On May 31, 2011, at 9:08 PM, Kam Kasravi wrote:

> On May 31, 2011, at 2:55 PM, Brendan Eich <[email protected]> wrote:
> 
>> On May 31, 2011, at 2:30 PM, Waldemar Horwat wrote:
>> 
>>> I would not want to use anything like a PEG to standardize a grammar.  
>>> Here's why:
>>> 
>>> PEG being unambiguous by construction simply means that it resolves all 
>>> ambiguities by picking the earliest rule.  This turns all rules following 
>>> the first one into negative rules:  X matches Z only if it DOESN'T match a 
>>> Y or a Q or a B or ....  You could pick the same strategy to disambiguate 
>>> an LR(1) grammar, and it would be equally bad.


[just noting you are replying to Waldemar's words here, not mine. /be]

> PEGs use of ordered choice provides an opportunity to minimize backtracking, 
> but it still  backtracks given a nonterminal where the first ordered choice 
> is incorrect. A PEG must return one parse tree or an error after potentially 
> exhausting all choices (unlike GLR).

Yes. The problem with PEGs is not ambiguity (multiple parse trees for one 
sentence) but the negative-rule future hostility problem that Waldemar cited. 
That is hard to see at any given instant. It comes up when evolving a language.

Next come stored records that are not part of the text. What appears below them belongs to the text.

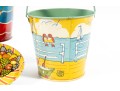 Vintage Tin Litho Buckets Etc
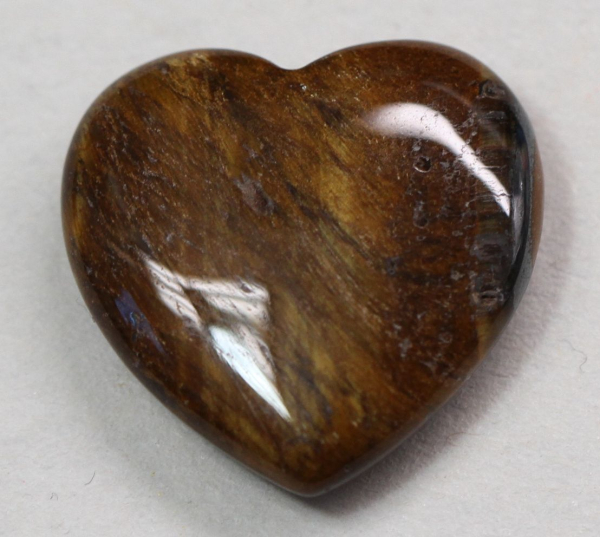 1 Herz Naturstein Tigerauge ca. 20 mm x 20 mm x 6 mm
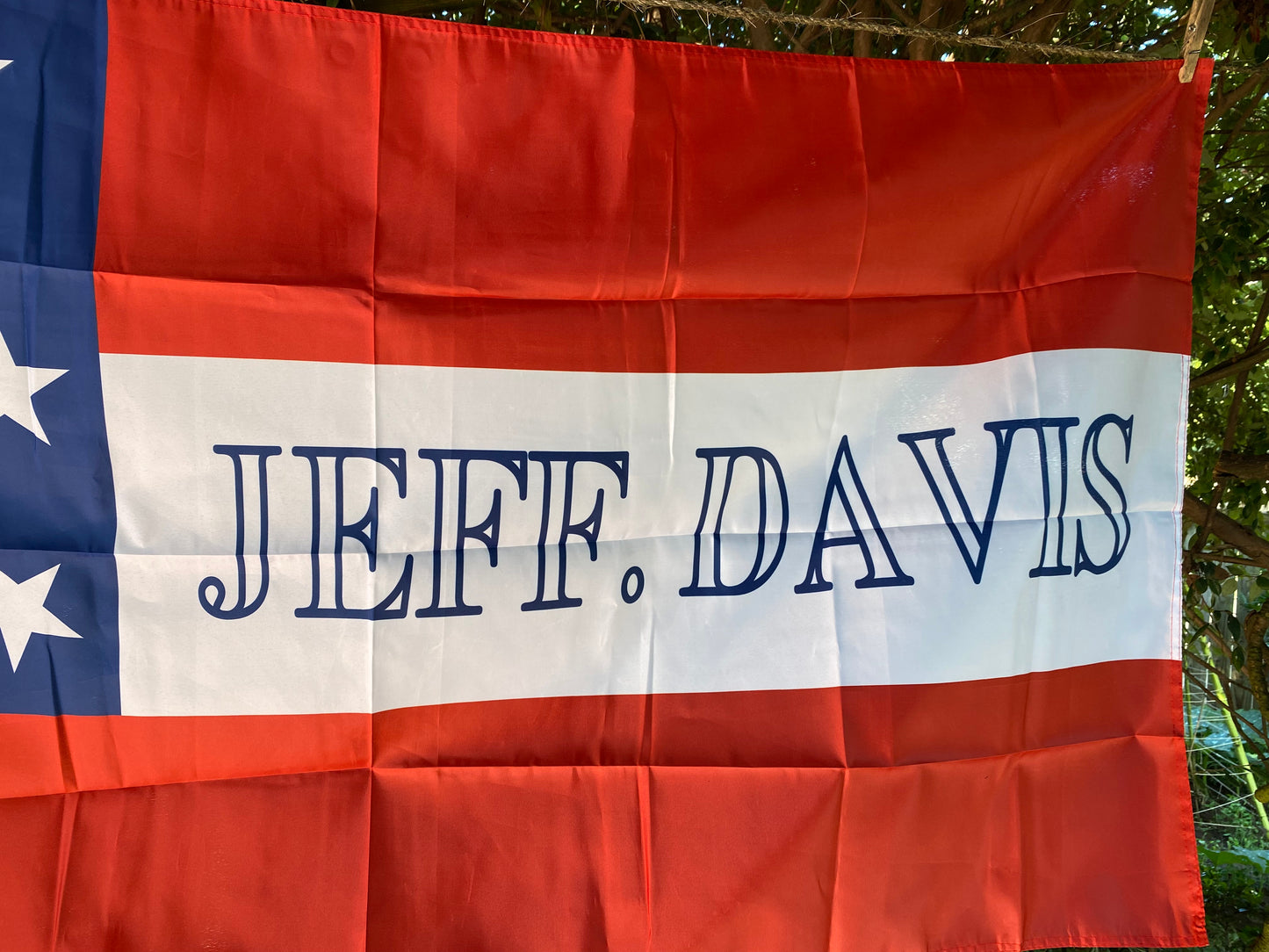 Elkhorn Tavern "Jeff. Davis" First National House Flag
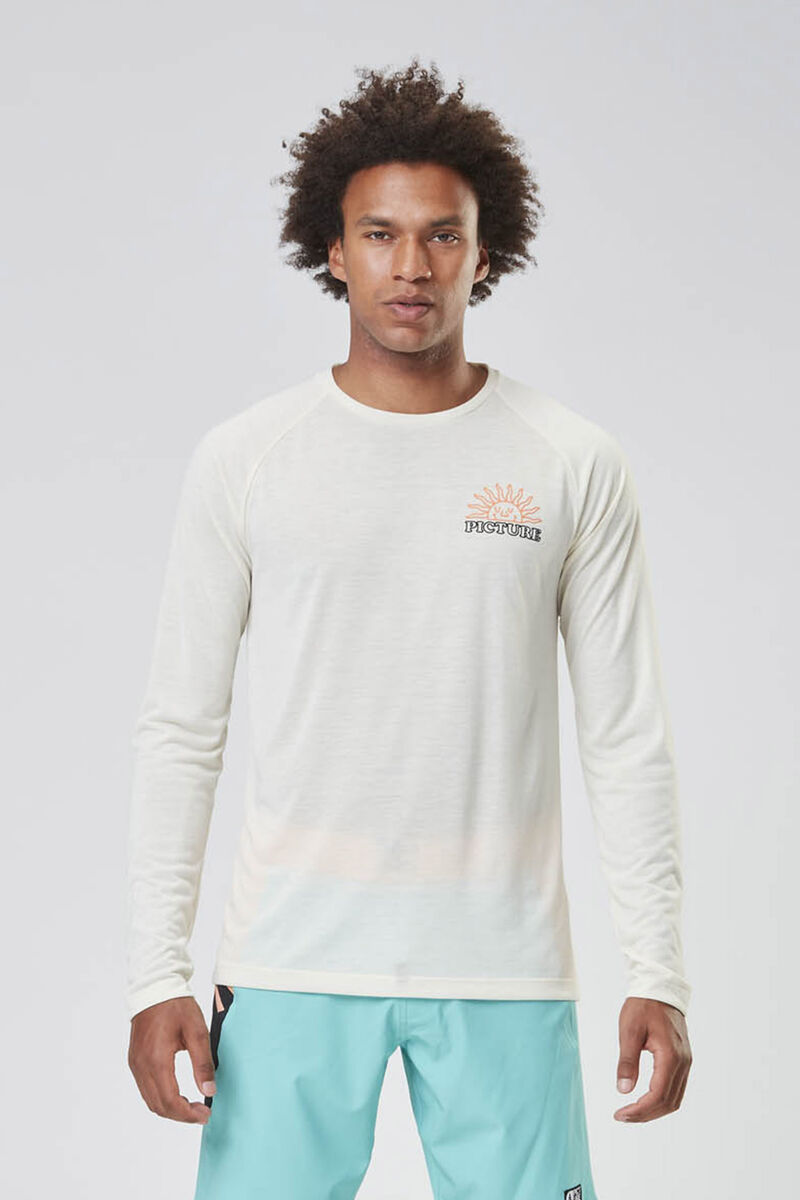 Picture Organic Timont Ls Surf Men's Sweaters White | MHI-064975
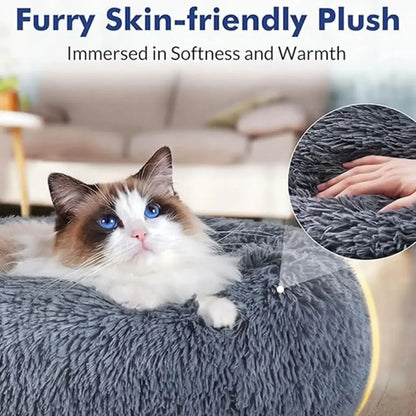 Round Plush Pet Bed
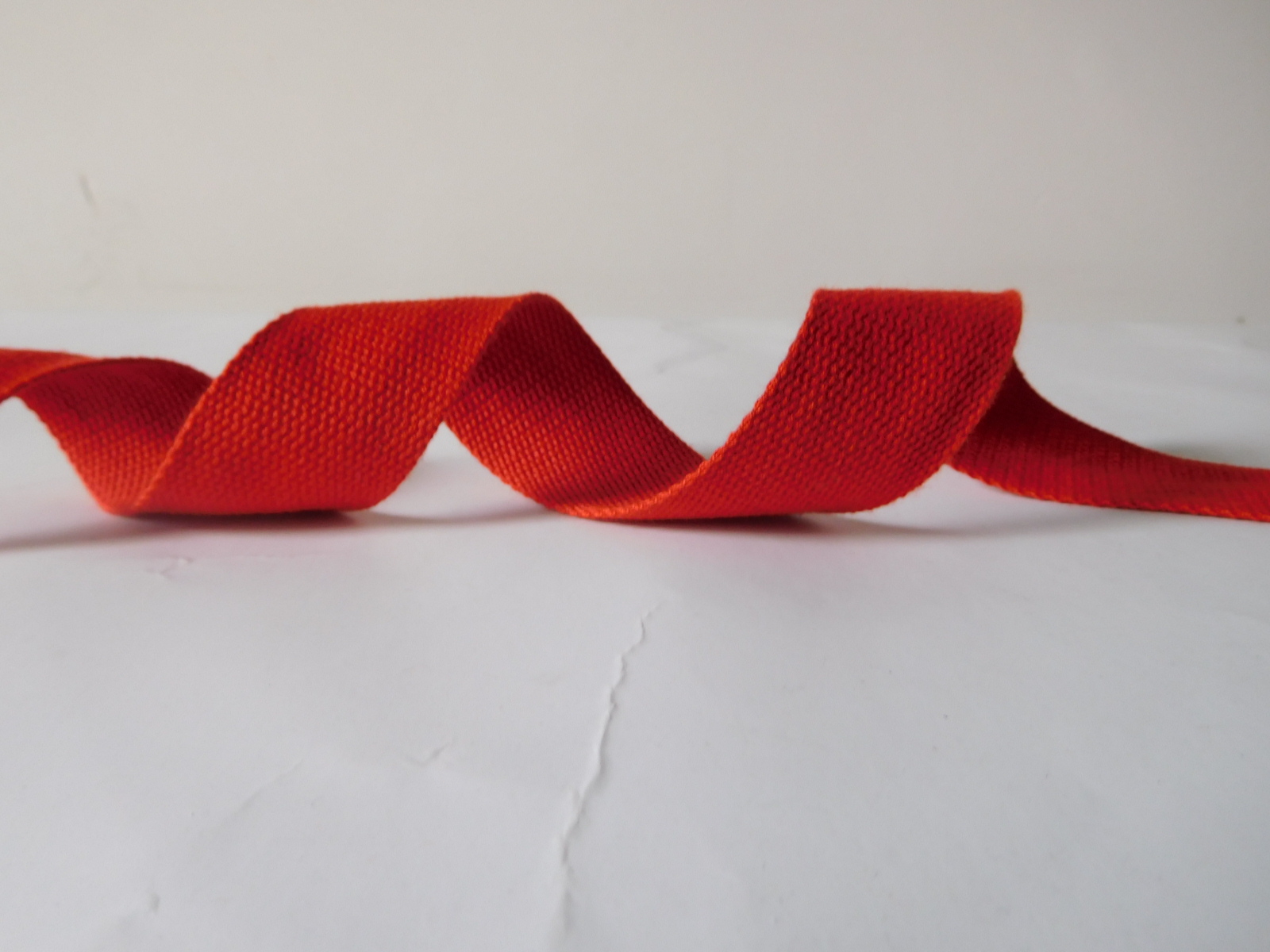 35mm red polyester webbing for garment accessories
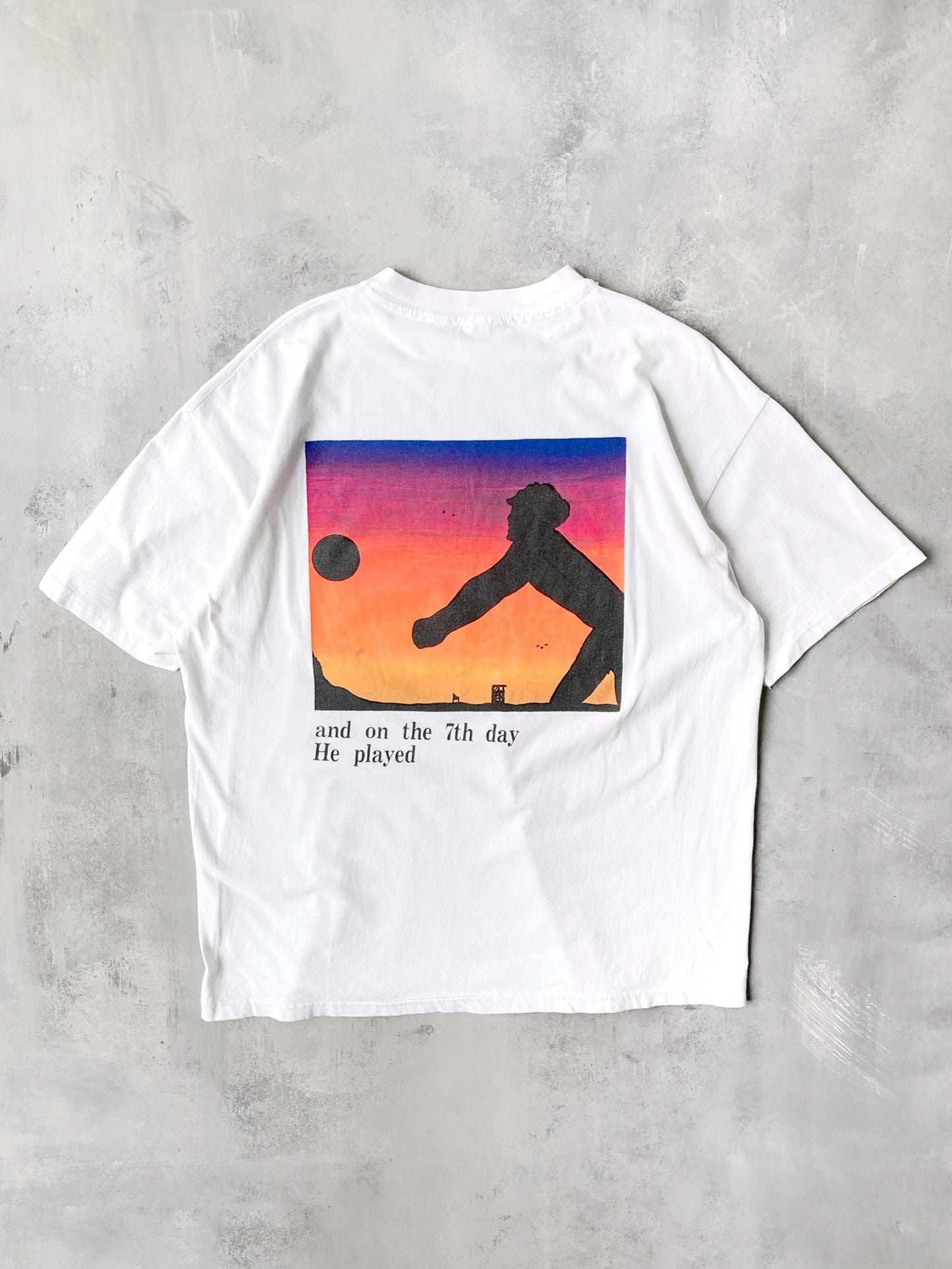 Beach Volleyball T-Shirt 80's - XL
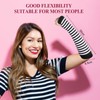 Long Arm Warmers Striped Fingerless Gloves for Women, Black and
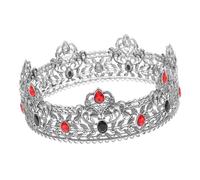 Ipetboom Birthday King Crowns: Crown Tiaras Hat Cap With Fake Gems For Halloween Dress Up Costume Birthday Party Supplies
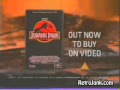 Jurassic Park 1993 VHS Commercial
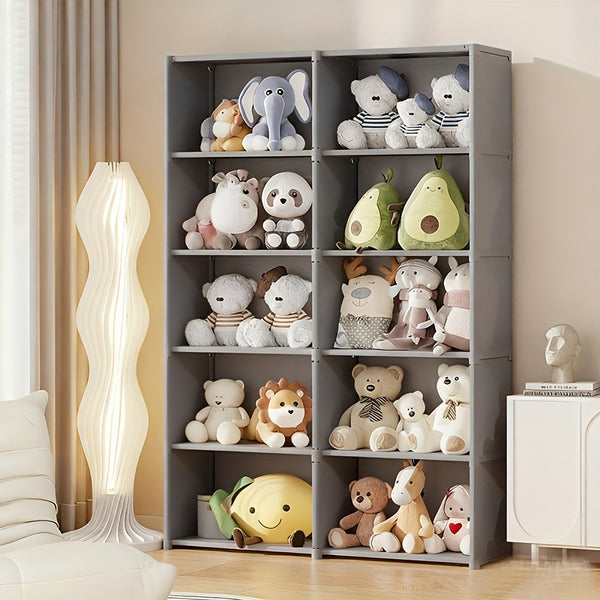 Multi-Layer Easy-to-Assemble Bookshelf, Simple Home Clothing Storage Wardrobe, Toy Organizer
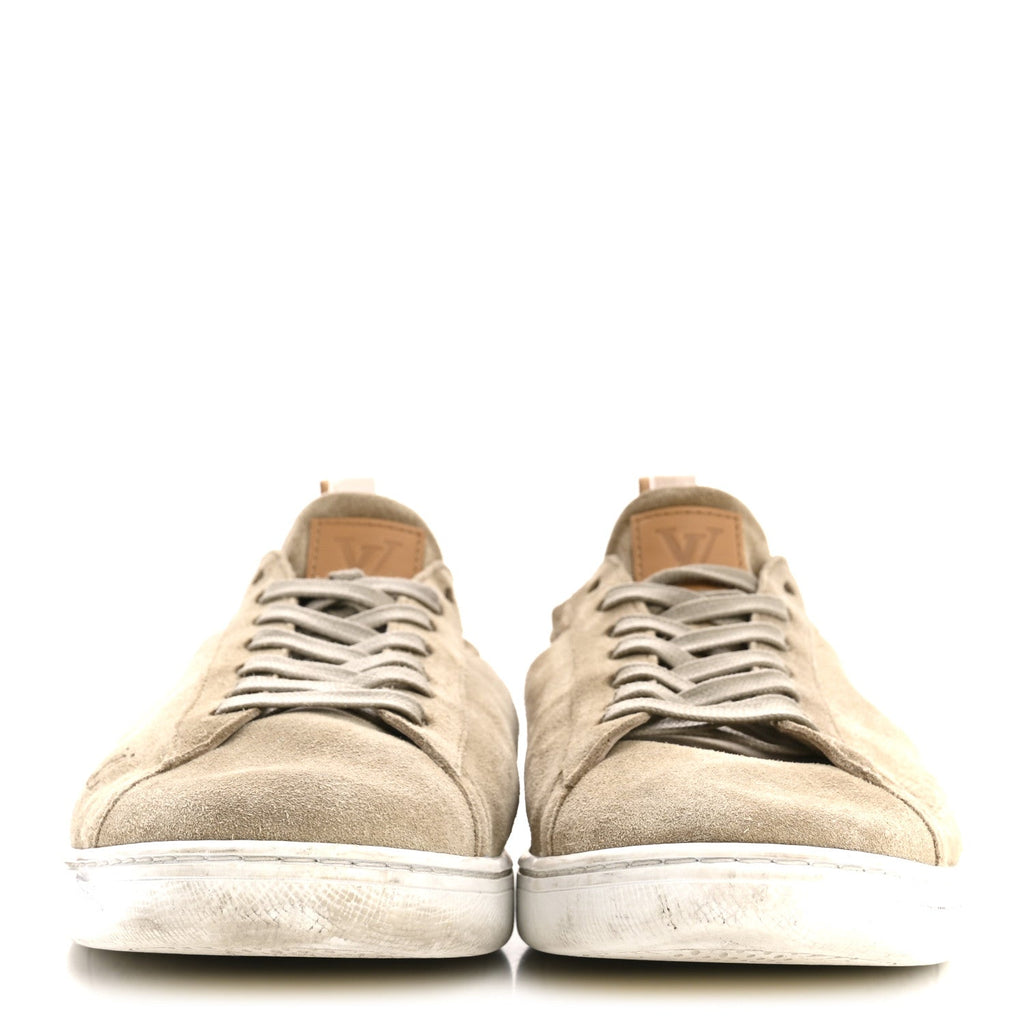 SUEDE CALFSKIN LV SOFT SNEAKERS BEIGE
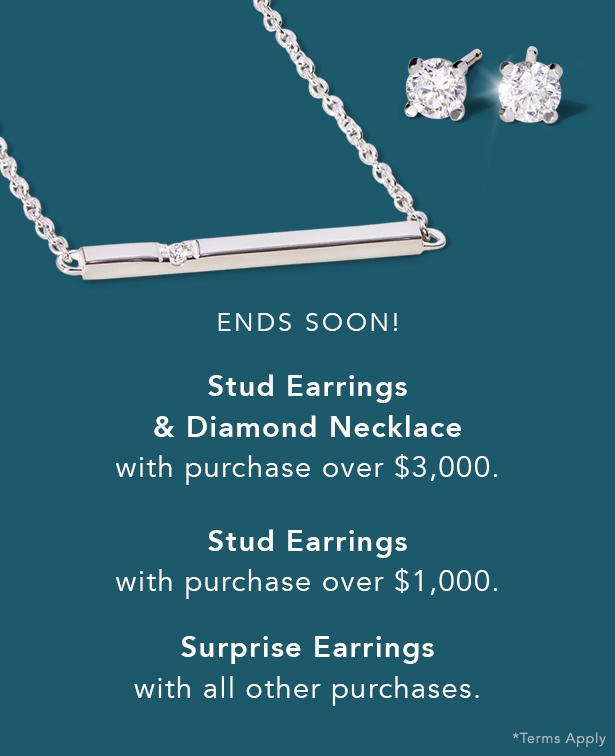 Lab diamond earrings and diamond necklace.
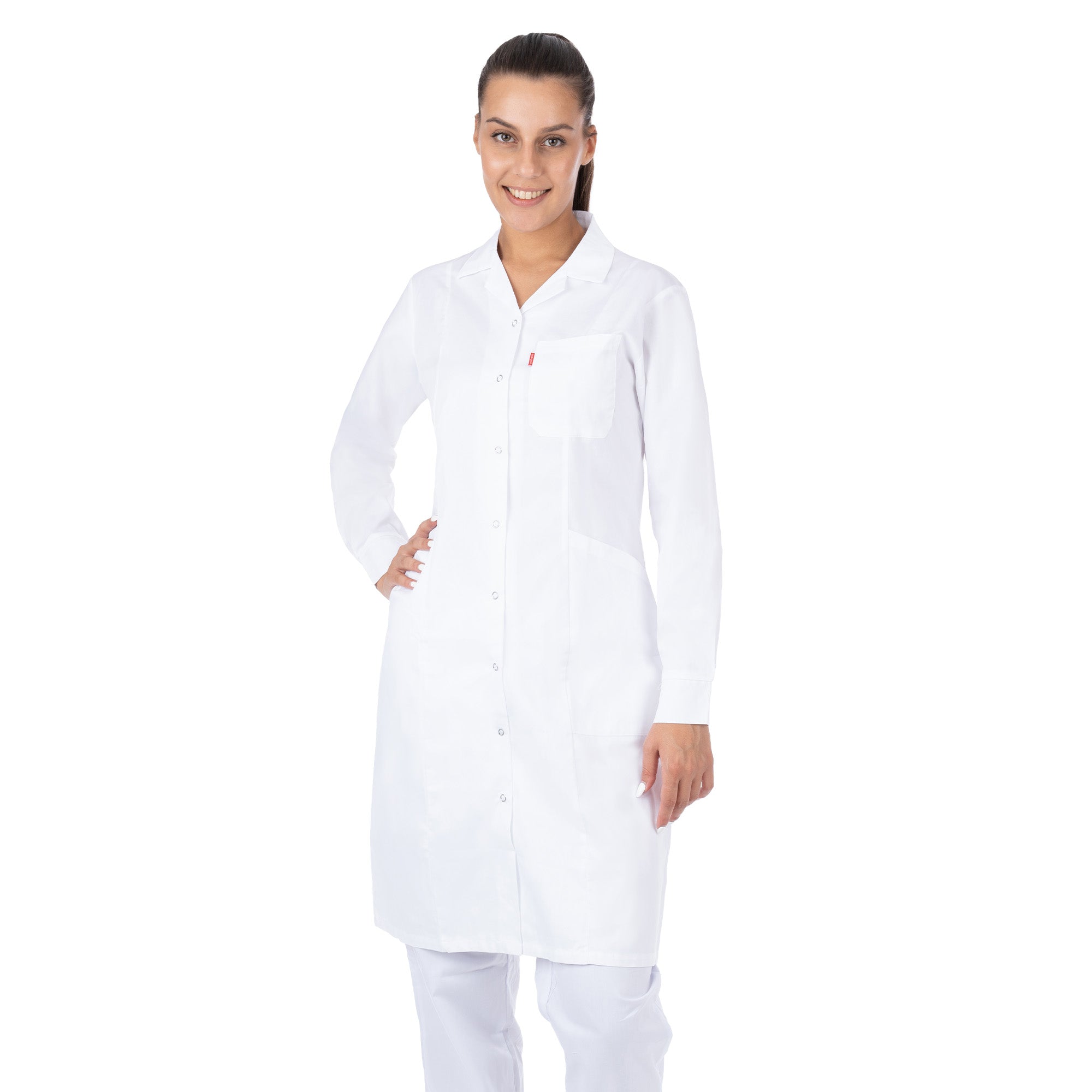 Long Sleeve Lab Gown for Women - Nirlon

> I believe there are differing motivations to pick a parser depending on your 
> goals, if you're experimenting with the grammar or want a parser to transform 
> an extended grammar then PEGs make alot of sense because they closely matche 
> the BNF grammar and it's easy to introduce new grammar rules. It's likely 
> PEGs could provide diagnostics related to LR(1) ambiguity, at least with 
> pegjs it looks like this could be built into the algorithm. I understand the 
> motivation to avoid any parser which tolerates ambiguous LR(1) grammars, but 
> PEGs can be great tools given the LR(1) requirement is enforced.

This matches Tom's testimony.

At this point I'm working under assumption ES.next sticks with the LR(1) 
grammar. First target: destructuring, using an extended Reference type. There 
are alternatives (thanks to dherman for discussion today about this) but I 
think this is the minimal patch to ES5.

Arrow function syntax can be handled similarly, provided Expression covers 
ArrowFormalParameters. But that is a strawman, so it'll go after destructuring.